Execution Strategies for High Performance
While many innovative strategies are spotlighted across the conference, several sessions offered novel approaches to execution – especially ones that break boundaries that impede performance. Change Healthcare’s Thierry Guyader, International Business Development, and John Graham, Product Management, focused on integrated decision-making in the session “Hospital Integrated Command and Operations Centers.” For Change Healthcare, strategy execution began with integrated decision-making and included five specific goals:
- Bring decision makers into one room
- Feed them field information in real time
- Communicate decisions for field execution
- Track progress in real time
- Forecast to adjust plans
A specific way to achieve this state is via a physical command and operations center. Figure 6 shows an example. The center is staffed 24/7, conducts daily huddles viewing the monitors, synchronizes with nursing units, and brings in emergency teams during crises. Tangible execution benefits include faster decisions, fewer last minute variations, better resource utilization, and reduced patient time in hospital.
Another innovation several healthcare organizations have explored is a central office to coordinate strategic execution. It was the focus of the session, “From Idea to Execution: Accelerate Strategy Execution through the Office of Strategy Management” by Atrium Health’s Liz Popwell, Vice President of Strategy, and Jhaymie Heinlein, Director of Strategy Management and Growth. An Office of Strategy Management (OSM) “closes the gap between strategy development and execution and… is typically a new unit at the corporate level.” An OSM plays three fundamental roles:
- Accelerator – focus on performance, alignment, and review with the C-suite
- Facilitator – managing the planning process and communicating strategy outward
- Integrator – working with HR, finance, IT, and others to share practices and “cascade strategy”

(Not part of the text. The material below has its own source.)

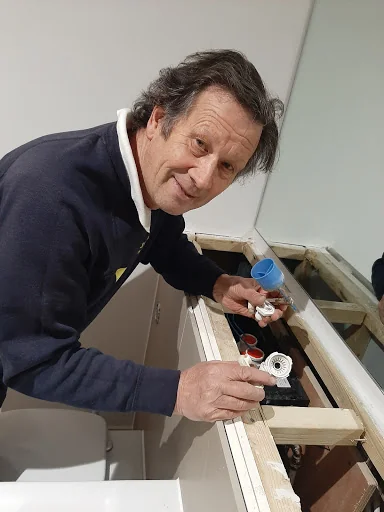 Brian Hurst Plumbing &amp; Heating photo 1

Popwell and Heinlein also identified an important fourth emerging role as a “translator” of strategy by establishing a common vocabulary, sharing strategy narratives, and being “myth busters.” Atrium believes as healthcare’s margin for strategic error narrows, initiatives such as an OSM can overcome common planning pitfalls.
Patient centricity, population health management, leadership development, and strategy execution where just some of the complex issues discussed at this year’s annual Becker’s Hospital Review Conference. Equally important, attendees came away with many best practices and strategies that are immediately actionable and will improve not only patient care, but financial and operational performance.